2023-08-14 14:58:18

by Michael Weiß

[permalink] [raw]
Subject: [PATCH RFC 0/4] bpf: cgroup device guard for non-initial user namespace

Introduce the BPF_F_CGROUP_DEVICE_GUARD flag for BPF_PROG_LOAD
which allows to set a cgroup device program to be a device guard.
This may be used to guard actions on device nodes in non-initial
userns, e.g., mknod.

If a container manager restricts its unprivileged (user namespaced)
children by a device cgroup, it is not necessary to deny mknod
anymore. Thus, user space applications may map devices on different
locations in the file system by using mknod() inside the container.

A use case for this, we also use in GyroidOS, is to run virsh for
VMs inside an unprivileged container. virsh creates device nodes,
e.g., "/var/run/libvirt/qemu/11-fgfg.dev/null" which currently fails
in a non-initial userns, even if a cgroup device white list with the
corresponding major, minor of /dev/null exists. Thus, in this case
the usual bind mounts or pre populated device nodes under /dev are
not sufficient.

To circumvent this limitation, we allow mknod() in the VFS if a
bpf cgroup device guard is enabled for the current task and check
CAP_MKNOD for the current user namespace instead of the init userns.

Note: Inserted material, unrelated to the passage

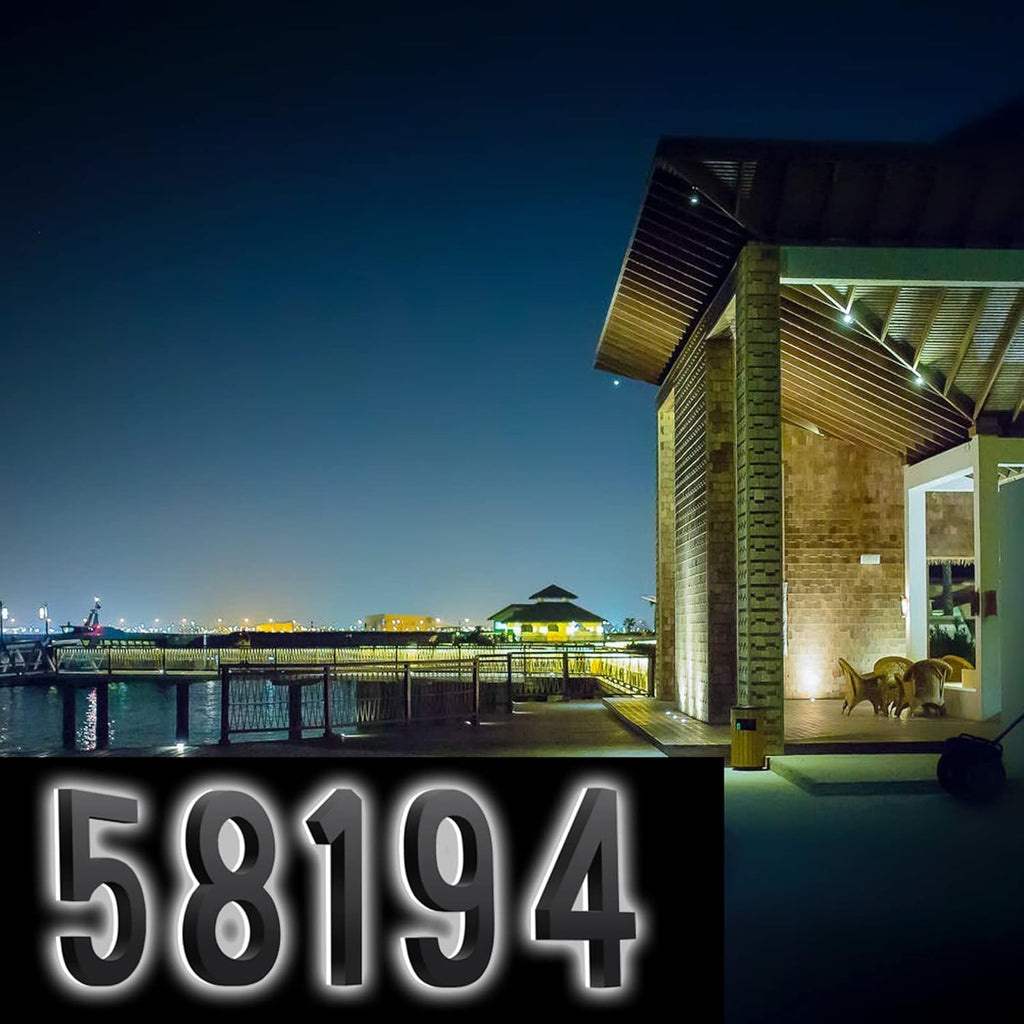 Backlit Illuminated LED Address Numbers 14', Matt Black Finish, Illuminated House Numbers Signs For Outside Lighted Plaque, Outdoor, Modern, Weatherproof,7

To avoid unusable device nodes on file systems mounted in
non-initial user namespace, may_open_dev() ignores the SB_I_NODEV
for cgroup device guarded tasks.

Tested for a GyroidOS container generated by the cmld using the
following user space patch: https://github.com/gyroidos/cml/pull/394

I discussed this internally with Christian in the UAPI group, earlier.
I put this to the public list now, since also LXC/LXD Folks have
announced interest on this.

This series applies to the latest mainline v6.5-rc6 tag.

Signed-off-by: Michael Weiß <[email protected]>
---
Michael Weiß (4):
bpf: add cgroup device guard to flag a cgroup device prog
bpf: provide cgroup_device_guard in bpf_prog_info to user space
device_cgroup: wrapper for bpf cgroup device guard
fs: allow mknod in non-initial userns using cgroup device guard

fs/namei.c | 19 ++++++++++++++++---
include/linux/bpf-cgroup.h | 7 +++++++
include/linux/bpf.h | 1 +
include/linux/device_cgroup.h | 7 +++++++
include/uapi/linux/bpf.h | 8 +++++++-
kernel/bpf/cgroup.c | 30 ++++++++++++++++++++++++++++++
kernel/bpf/syscall.c | 6 +++++-
security/device_cgroup.c | 10 ++++++++++
tools/bpf/bpftool/prog.c | 2 ++
tools/include/uapi/linux/bpf.h | 8 +++++++-
10 files changed, 92 insertions(+), 6 deletions(-)
---
base-commit: 2ccdd1b13c591d306f0401d98dedc4bdcd02b421
change-id: 20230814-devcg_guard-5398ef84bf7b

Best regards,
--
Michael Weiß <[email protected]>



2023-08-14 14:58:39

by Michael Weiß

[permalink] [raw]
Subject: [PATCH RFC 4/4] fs: allow mknod in non-initial userns using cgroup device guard

If a container manager restricts its unprivileged (user namespaced)
children by a device cgroup, it is not necessary to deny mknod
anymore. Thus, user space applications may map devices on different
locations in the file system by using mknod() inside the container.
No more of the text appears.